Director Carol Reed’s 1938 British Gainsborough Pictures black and white movie Bank Holiday is a highly engaging, expertly done, trailblazing documentary-style comedy drama about assorted London folk on a trip to sunny seaside town Bexborough (or Brighton) on a British summer Bank Holiday weekend.

It established the template for this popular kind of film, leading to Holiday Camp (1947), Here Come the Huggetts (1948) and the Carry On movies, and predicting TV’s soap operas The Grove Family and EastEnders.

Director Reed smoothly turns stereotypes into characters with the help of an excellent screenplay by Rodney Ackland and Roger Burford, and the devoted work of his splendid cast of performers on winning form.

Chief among them, Margaret Lockwood stars as nurse Catherine Lawrence and Hugh Williams as her lover Geoffrey, an unmarried couple who plan a dirty weekend at the Grand Hotel, René Ray plays a beauty queen called Doreen Richards who looks for glory at a beauty contest, while Kathleen Harrison and Wally Patch play the Cockney couple May and Arthur who look for simpler family pleasures as their kids kick up chaos.

The drama has dated but happily not faded, while the comedy is still extremely jolly and amusing, and the portrait of Thirties Brits at play just before World War Two is very revealing.

Also in the cast are John Lodge, Merle Tottenham, Linden Travers, Garry Marsh, Jeanne Stuart, Wilfrid Lawson, Felix Aylmer, Alf Goddard, Michael Rennie, Arthur West Payne, David Anthony and Angela Glynne.

Bank Holiday is also known as Three on a Weekend.

It is one of the six classic movies in The Margaret Lockwood Collection DVD box set.

Bexborough is a fictional town, and the scenes of the beach front and piers are from other British seaside towns, mostly Brighton.

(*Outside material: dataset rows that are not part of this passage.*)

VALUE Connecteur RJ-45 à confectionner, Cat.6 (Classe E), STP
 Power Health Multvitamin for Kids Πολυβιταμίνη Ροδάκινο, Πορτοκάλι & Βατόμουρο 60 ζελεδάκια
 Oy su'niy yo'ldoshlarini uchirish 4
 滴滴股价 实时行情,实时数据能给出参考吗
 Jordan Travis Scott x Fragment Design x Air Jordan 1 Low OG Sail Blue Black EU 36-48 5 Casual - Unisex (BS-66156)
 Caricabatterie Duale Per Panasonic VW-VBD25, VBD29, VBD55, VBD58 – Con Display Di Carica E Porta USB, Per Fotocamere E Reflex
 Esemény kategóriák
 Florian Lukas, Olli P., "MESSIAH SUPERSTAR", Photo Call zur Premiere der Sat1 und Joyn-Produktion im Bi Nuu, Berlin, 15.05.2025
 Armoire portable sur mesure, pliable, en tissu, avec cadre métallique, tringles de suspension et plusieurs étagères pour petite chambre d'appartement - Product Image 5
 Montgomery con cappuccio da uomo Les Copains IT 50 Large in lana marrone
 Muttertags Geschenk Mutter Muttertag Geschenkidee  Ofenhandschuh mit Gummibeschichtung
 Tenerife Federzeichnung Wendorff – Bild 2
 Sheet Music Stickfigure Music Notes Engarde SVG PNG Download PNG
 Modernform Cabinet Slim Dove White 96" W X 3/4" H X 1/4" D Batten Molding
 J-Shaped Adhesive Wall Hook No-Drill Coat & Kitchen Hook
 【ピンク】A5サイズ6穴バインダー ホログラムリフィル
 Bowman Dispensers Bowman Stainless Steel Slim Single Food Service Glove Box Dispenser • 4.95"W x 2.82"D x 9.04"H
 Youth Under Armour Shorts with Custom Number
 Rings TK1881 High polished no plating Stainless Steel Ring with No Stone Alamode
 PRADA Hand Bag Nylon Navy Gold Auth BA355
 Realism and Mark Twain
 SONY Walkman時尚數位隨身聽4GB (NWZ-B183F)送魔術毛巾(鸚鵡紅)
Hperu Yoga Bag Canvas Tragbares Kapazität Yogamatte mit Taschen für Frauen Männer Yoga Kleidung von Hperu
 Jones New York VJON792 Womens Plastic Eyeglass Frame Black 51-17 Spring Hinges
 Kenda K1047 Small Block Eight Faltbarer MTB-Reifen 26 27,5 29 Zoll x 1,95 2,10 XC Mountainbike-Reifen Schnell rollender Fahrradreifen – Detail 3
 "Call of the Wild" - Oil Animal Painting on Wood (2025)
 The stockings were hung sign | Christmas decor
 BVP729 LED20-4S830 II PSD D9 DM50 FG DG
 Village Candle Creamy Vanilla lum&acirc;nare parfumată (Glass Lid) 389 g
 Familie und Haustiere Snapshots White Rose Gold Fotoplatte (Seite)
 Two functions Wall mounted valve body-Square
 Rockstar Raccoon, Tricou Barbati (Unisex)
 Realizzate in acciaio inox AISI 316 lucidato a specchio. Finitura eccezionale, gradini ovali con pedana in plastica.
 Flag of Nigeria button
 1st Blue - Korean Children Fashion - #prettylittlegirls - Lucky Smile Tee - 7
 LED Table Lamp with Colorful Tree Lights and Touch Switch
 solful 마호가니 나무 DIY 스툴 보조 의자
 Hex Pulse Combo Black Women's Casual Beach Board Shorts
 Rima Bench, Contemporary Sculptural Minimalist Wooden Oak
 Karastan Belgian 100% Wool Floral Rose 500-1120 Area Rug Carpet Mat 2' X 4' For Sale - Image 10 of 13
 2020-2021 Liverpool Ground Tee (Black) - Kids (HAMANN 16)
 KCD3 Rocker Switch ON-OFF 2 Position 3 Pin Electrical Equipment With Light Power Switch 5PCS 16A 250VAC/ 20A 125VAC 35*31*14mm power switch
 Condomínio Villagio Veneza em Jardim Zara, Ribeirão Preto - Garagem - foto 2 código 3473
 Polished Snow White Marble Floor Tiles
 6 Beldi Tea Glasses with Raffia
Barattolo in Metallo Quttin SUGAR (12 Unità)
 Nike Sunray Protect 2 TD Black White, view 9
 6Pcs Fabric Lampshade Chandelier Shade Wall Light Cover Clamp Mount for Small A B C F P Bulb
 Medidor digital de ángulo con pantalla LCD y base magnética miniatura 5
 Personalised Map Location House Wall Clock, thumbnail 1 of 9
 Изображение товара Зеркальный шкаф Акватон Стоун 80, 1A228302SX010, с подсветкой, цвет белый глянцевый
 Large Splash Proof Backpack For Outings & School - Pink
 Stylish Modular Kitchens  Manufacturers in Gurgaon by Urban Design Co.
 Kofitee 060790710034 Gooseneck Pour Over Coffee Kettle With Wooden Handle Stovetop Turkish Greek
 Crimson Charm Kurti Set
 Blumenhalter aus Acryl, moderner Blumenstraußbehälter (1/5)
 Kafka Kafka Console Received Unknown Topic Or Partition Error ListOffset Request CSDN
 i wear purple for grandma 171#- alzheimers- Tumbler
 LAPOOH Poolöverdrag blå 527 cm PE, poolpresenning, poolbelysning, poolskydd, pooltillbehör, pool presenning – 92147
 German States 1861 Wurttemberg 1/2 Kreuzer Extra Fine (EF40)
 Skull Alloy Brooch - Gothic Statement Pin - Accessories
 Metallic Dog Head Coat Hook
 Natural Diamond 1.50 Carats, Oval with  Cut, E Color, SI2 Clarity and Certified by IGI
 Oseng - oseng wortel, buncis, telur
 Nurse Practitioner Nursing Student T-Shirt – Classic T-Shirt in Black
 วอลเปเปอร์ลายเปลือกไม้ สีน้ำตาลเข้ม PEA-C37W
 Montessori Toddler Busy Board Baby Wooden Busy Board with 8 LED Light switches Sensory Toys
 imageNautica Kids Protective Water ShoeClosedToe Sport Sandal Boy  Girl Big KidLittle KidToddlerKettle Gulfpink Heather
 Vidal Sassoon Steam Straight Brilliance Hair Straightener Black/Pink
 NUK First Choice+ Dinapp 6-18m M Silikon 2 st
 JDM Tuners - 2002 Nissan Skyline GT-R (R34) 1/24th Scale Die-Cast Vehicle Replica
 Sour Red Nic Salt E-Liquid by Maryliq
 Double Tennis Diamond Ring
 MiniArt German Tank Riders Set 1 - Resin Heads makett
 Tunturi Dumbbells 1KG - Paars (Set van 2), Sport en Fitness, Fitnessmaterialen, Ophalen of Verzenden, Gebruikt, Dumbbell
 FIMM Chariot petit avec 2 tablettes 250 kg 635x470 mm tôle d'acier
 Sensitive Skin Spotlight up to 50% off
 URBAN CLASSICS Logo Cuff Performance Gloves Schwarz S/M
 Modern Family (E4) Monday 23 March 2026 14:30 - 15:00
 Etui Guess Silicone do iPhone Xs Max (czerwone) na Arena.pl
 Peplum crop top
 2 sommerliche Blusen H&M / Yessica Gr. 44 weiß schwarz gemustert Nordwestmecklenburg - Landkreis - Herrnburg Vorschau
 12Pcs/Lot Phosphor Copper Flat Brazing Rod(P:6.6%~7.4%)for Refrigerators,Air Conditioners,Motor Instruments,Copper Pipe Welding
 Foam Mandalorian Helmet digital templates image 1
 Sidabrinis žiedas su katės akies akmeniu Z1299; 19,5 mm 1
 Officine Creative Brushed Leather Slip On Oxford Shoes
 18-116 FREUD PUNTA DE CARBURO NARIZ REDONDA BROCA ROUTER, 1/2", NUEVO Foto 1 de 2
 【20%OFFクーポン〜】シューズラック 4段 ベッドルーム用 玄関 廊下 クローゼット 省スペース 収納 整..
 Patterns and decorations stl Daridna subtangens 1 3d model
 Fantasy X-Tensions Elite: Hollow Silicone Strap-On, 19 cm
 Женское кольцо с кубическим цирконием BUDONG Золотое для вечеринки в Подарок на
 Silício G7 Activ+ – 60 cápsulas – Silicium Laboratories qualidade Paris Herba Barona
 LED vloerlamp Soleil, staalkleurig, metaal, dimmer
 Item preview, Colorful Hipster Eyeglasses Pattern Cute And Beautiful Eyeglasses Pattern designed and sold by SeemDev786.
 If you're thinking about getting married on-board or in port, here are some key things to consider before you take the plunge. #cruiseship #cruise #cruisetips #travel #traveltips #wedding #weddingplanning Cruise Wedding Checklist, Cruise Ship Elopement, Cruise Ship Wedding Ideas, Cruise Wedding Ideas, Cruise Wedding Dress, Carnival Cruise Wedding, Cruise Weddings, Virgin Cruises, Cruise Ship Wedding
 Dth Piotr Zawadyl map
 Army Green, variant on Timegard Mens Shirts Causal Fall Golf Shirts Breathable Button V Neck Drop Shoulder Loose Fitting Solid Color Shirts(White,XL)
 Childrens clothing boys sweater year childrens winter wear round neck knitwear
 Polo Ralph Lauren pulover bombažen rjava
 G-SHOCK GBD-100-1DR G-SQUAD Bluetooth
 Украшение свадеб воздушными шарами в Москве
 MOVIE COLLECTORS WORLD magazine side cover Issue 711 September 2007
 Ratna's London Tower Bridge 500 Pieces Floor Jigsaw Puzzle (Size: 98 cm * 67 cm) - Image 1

Geoffrey sees posters for a film at the Gaumont cinema, Sinners, which is also fictional.

The storyline concerning the unmarried couple enjoying a sexual relationship got the film into trouble with the US censor and the film was judged unsuitable for release. It was then re-edited and re-titled before finally being passed for release. It was cut from 86 minutes to 81 minutes (censored).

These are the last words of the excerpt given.